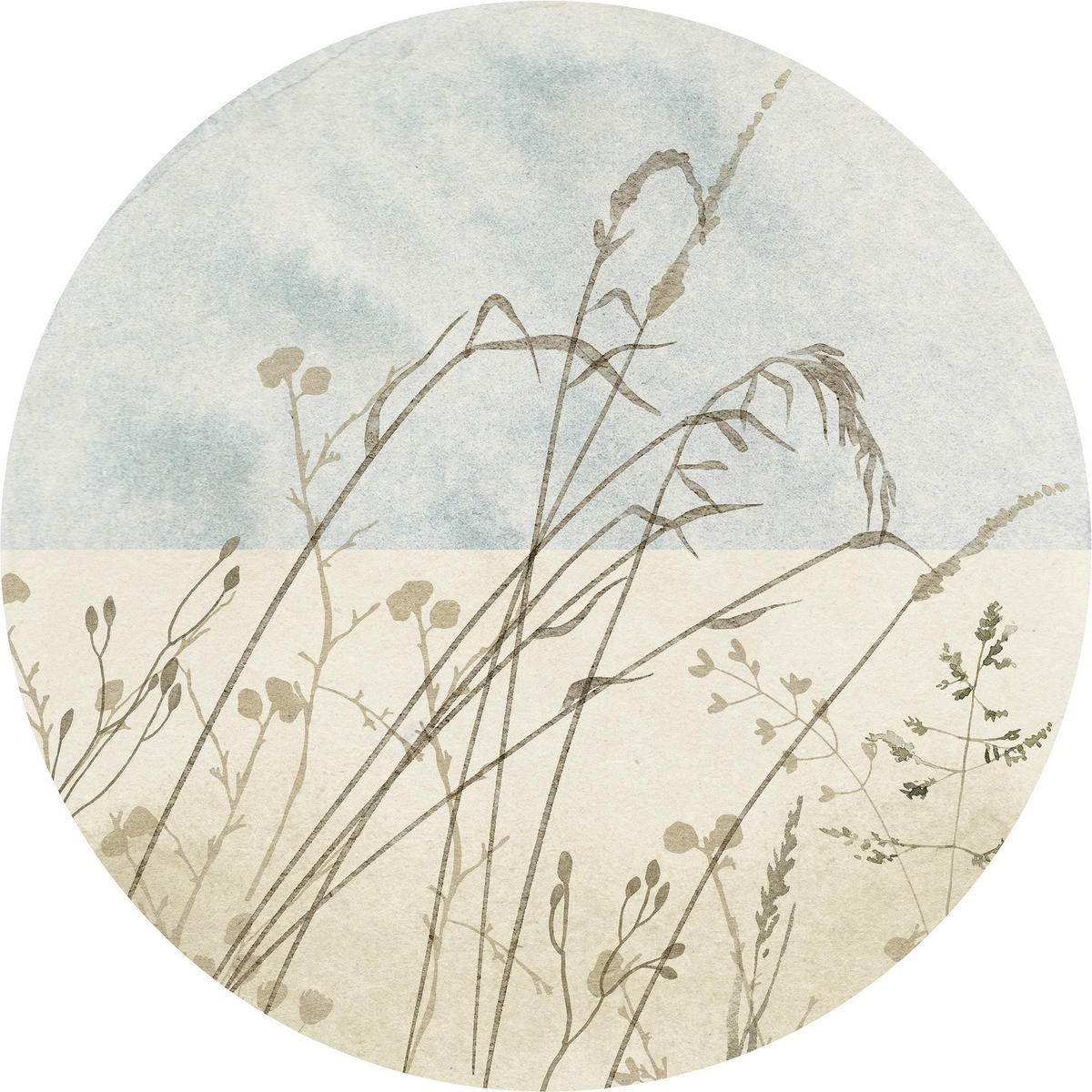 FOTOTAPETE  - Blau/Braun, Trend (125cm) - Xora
--
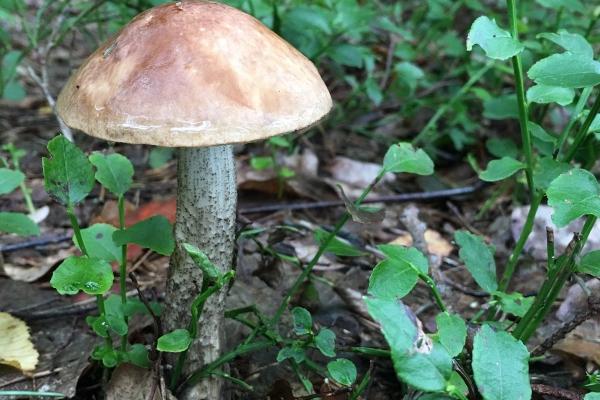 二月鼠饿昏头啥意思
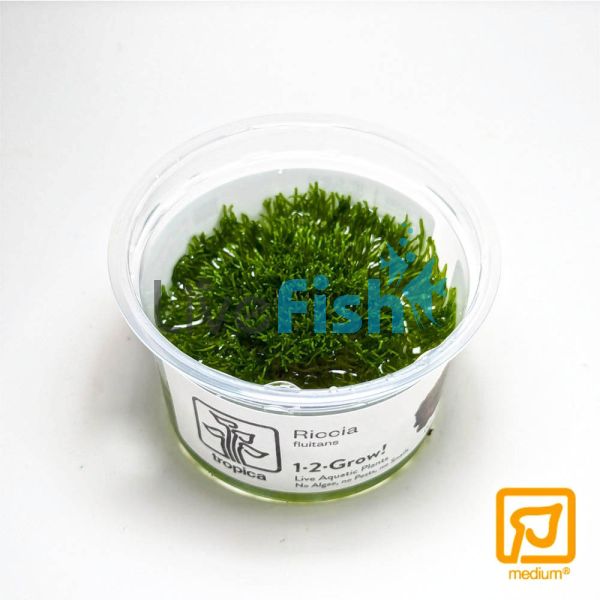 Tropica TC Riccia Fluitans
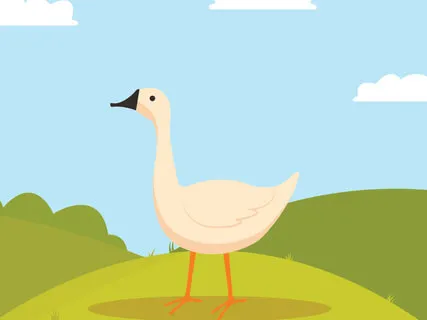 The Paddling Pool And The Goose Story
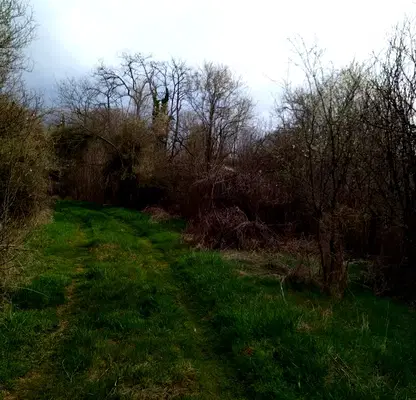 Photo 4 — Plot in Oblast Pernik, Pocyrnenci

§ The problem
Would you print exactly the lines in the listing above, from the line bearing "The Paddling Pool And The Goose Story" through the line bearing "Photo 4 — Plot in Oblast Pernik, Pocyrnenci", leaving out all pictures?

§ Answer box
 The Paddling Pool And The Goose Story
 Photo 4 — Plot in Oblast Pernik, Pocyrnenci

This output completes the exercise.